The plan for Perl 5 Release 12 is as follows:
* Blead will feature-freeze on November 21. (just after Yves ships 5.11.2)
After that point, no feature should be added or removed from blead.
After that point, dual-lifed modules should only be updated from CPAN
versions to fix major bugs or security issues.
Exceptions will be considered on a case by case basis.
* See if anyone tries to kill me in my sleep
* We will polish and bugfix and push on others to fix bugs in
blead/5.12-to-be until we have something that we feel is of a higher
quality than the current release of 5.10.
(During this time, monthly release of blead will continue)
* When I believe that blead is of sufficient quality to ship, I'll issue
a final call for testing in advance of an RC.
* Get former pumpkings to sanity-check the release-worthyness. If they
give us a "no-go", we'll iterate until they consider the state of blead
to be a solid, shippable 5.12.0.
* Ship 5.12.0RC1
* Yell at people to test the RC
* Yell at people to test the RC
* Yell at people to test the RC
* Ship RC_ to fix bugs found/reported/discovered to be serious enough
to block a release.
* Repeat as necessary
* Ship 5.12.0
* Yell at people to test 5.12.0
* Ship 5.12.1RC1 30 days after 5.12.0 with whatever bugfixes, cleanups,
improvements were found to be necessary when users _actually_ test
the release.
* Ship 5.12.1 with a methodology similar to that used for 5.12.0
* branch maint-5.12 and reopen the blead tree
Assuming that we're happy with the results, my intent is that we spin
up the same process for Perl 5 Release 14 next October or November.
Historically, our pumpking has been:
* our release engineer
* our mediator
* our decision maker
* our project manager
* our primary patch applier
* our hard-core C code reviewer
* our internals guru
* our language designer
* our sacrificial punching bag
* and many other things...
I'm doing what I can to delegate and automate release engineering,
though I know that the ultimate responsibility always falls on the
person stubborn enough to claim responsibility. Many other parts of
the pumpking role are the sorts of things I spent a lot of time on when
I was foolhardy enough to stare into the gaping maw of Perl 6 as their
nominal project manager.
My language design tends to the conservative. I'd rather see the core
made more flexible, extensible and easier to maintain than see language
features added or removed.
I am not a skilled C hacker. I don't expect to magically become a skilled
C hacker. I am not a perlguts rockstar. I'm going to have to lean on those
of you who _are_ excellent C and perlguts hackers, but that's work you're
already doing (and that I'm grateful for).
Best,
Jesse
[1] Yes, the same special every year. I had a very boring and sheltered
childhood.
[2] http://en.wikipedia.org/wiki/The_Great_Pumpkin
[3] http://en.wikipedia.org/wiki/The_Great_Pumpkin#Differences_between_the_Great_Pumpkin_and_Santa_Claus
[4] Thursday, January 7, 2010 (December 25 on the Julian Calendar)
--
Hurrah! +1 While not a former pumpking, I think the work you've done
to get 5.11.X moving demonstrates you have what it takes.

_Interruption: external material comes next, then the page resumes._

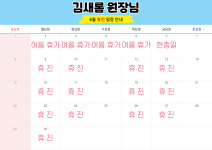 서울S가정의학과의원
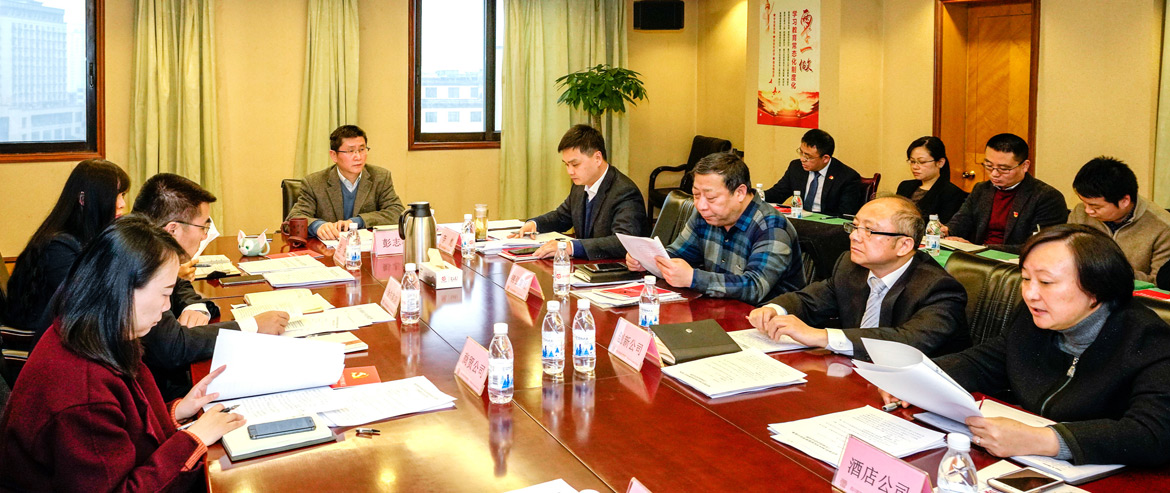 鉴黑担保网jhdbw集团召开2019年纪检监察及审计工作座谈会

> * Blead will feature-freeze on November 21. (just after Yves ships 5.11.2)
> After that point, no feature should be added or removed from blead.
> After that point, dual-lifed modules should only be updated from CPAN
> versions to fix major bugs or security issues.
> Exceptions will be considered on a case by case basis.
I can already tell you that the CPAN Meta Spec 2.0 design process is
wrapping up around then and there will be major changes to the
toolchain modules to support it probably in the month of December.
You'll need to decide if you want to get those changes (or some of
them) into Version 12 or let them slip to 14. No decision needed now,
but I want to put in a placeholder for discussions later.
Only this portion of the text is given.